Бойцов назвал точку на карте, расположенную в доброй полусотне километров от квадрата Б-7 и притом в противоположной от города стороне.
— Угу, — сказал на это полковник в отставке Семашко. А что, собственно, он мог еще сказать? — Ладно, Степаныч, айда по домам, а то я замерз, да и устал как собака. Пропади она пропадом, такая охота, когда за тремя дохлыми зайцами двое суток гоняться надо!
— Зато удовольствия сколько, — льстиво заметил Бойцов, сгребая с капота свой пакет.
Прапорщик был одним из немногих, кто подозревал в военном пенсионере Семашко человека, так сказать, с двойным дном. Происходило это, наверное, потому, что Бойцов сам крайне редко говорил правду и вследствие этого своего качества не верил ни единому слову окружающих. К тому же он, единственный из всех, похоже, подозревал за частыми отлучками соседа что-то куда более занимательное и неблаговидное, чем охота или рыбалка, — шашни с чужой женой, например. И опять-таки, единственный из всех, старший прапорщик Бойцов мог бы в силу присущего ему любопытства попытаться установить, куда на самом деле ездит Геннадий Иванович на своем потрепанном «уазике», а потом под пьяную руку растрепать об этом по всему военному городку. Словом, за прапорщиком Бойцовым следовало внимательно присматривать; Семашко и присматривал, давно решив для себя, что первый же шаг любознательного пьяницы за невидимую черту, отделяющую «можно» от «нельзя, но очень хочется», станет его последним шагом по этой планете.
Впрочем, уже некоторое время необходимость присматривать за соседом и чутко улавливать в его болтовне скользкие намеки казалась Геннадию Ивановичу обременительной. Он начал всерьез подумывать о том, чтобы шлепнуть Бойцова в порядке, так сказать, нанесения упреждающего удара, пока тот и в самом деле чего-нибудь не разнюхал. Что-то слишком много в последнее время развелось этих нюхачей…
Поднявшись на свой этаж и не без труда отделавшись ют прапорщика, который жил тремя этажами выше и явно был не прочь сделать привал на соседской кухне, Семашко отпер дверь и вошел в тишину и полумрак крошечной прихожей. Отставной полковник жил один как перст и довольствовался сугубо спартанской обстановкой. В его однокомнатной квартирке только и было что вешалка и самодельная полка для обуви в прихожей, солдатская койка, простой стол и старенький двухстворчатый шкаф в комнате да самая необходимая кухонная мебель, стоявшая, как ей и полагается, на кухне. Телевизор у военного пенсионера Семашко также имелся, и, едва успев снять яловые, на меху, тяжеленные сапожищи, все еще держа в руке зайцев, с ружьем на плече, Геннадий Иванович вошел в комнату и включил это чудо техники.
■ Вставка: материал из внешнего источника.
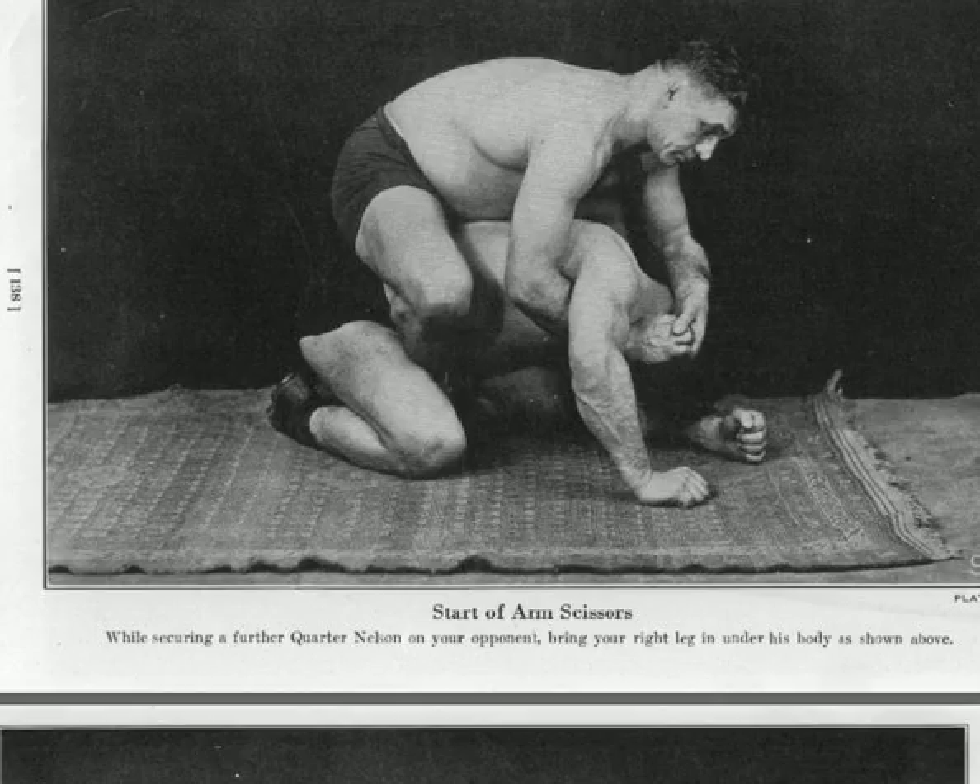The wonderful book, The Science of Wrestling, Art of Jiu-Jitsu from 1924. This is an 85-year-old book.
Квартира наполнилась жизнерадостным бормотаньем и музыкой — передавали рекламу. Поскольку канал был местный и вперемежку с жевательной резинкой и гигиеническими прокладками здесь шла также реклама местных товаров и услуг, звучало все это довольно потешно — по крайней мере, с точки зрения человека, повидавшего свет и раз в год проводившего отпуск на курортах, которые были не по карману подавляющему большинству здешних рекламодателей. Размеры личных сбережений военного пенсионера Семашко приближались к полутора сотням тысяч долларов, и в последние годы, чувствуя, что начинает понемногу стареть, он частенько задумывался: ну, на кой черт, спрашивается, ему такая прорва деньжищ?
Пока телевизор болтал и музицировал, расхваливая заведомую дрянь, Геннадий Иванович успел снять с себя большую часть охотничьего снаряжения и поставить на плиту чайник. Переступив через грудой валявшиеся на полу маскировочный балахон и зимнее ватное обмундирование, которое позволяет сидеть в сугробе, как в мягком кресле, и спокойно попивать водочку даже в трескучий мороз, он вернулся в комнату как раз в тот момент, когда закончилась реклама.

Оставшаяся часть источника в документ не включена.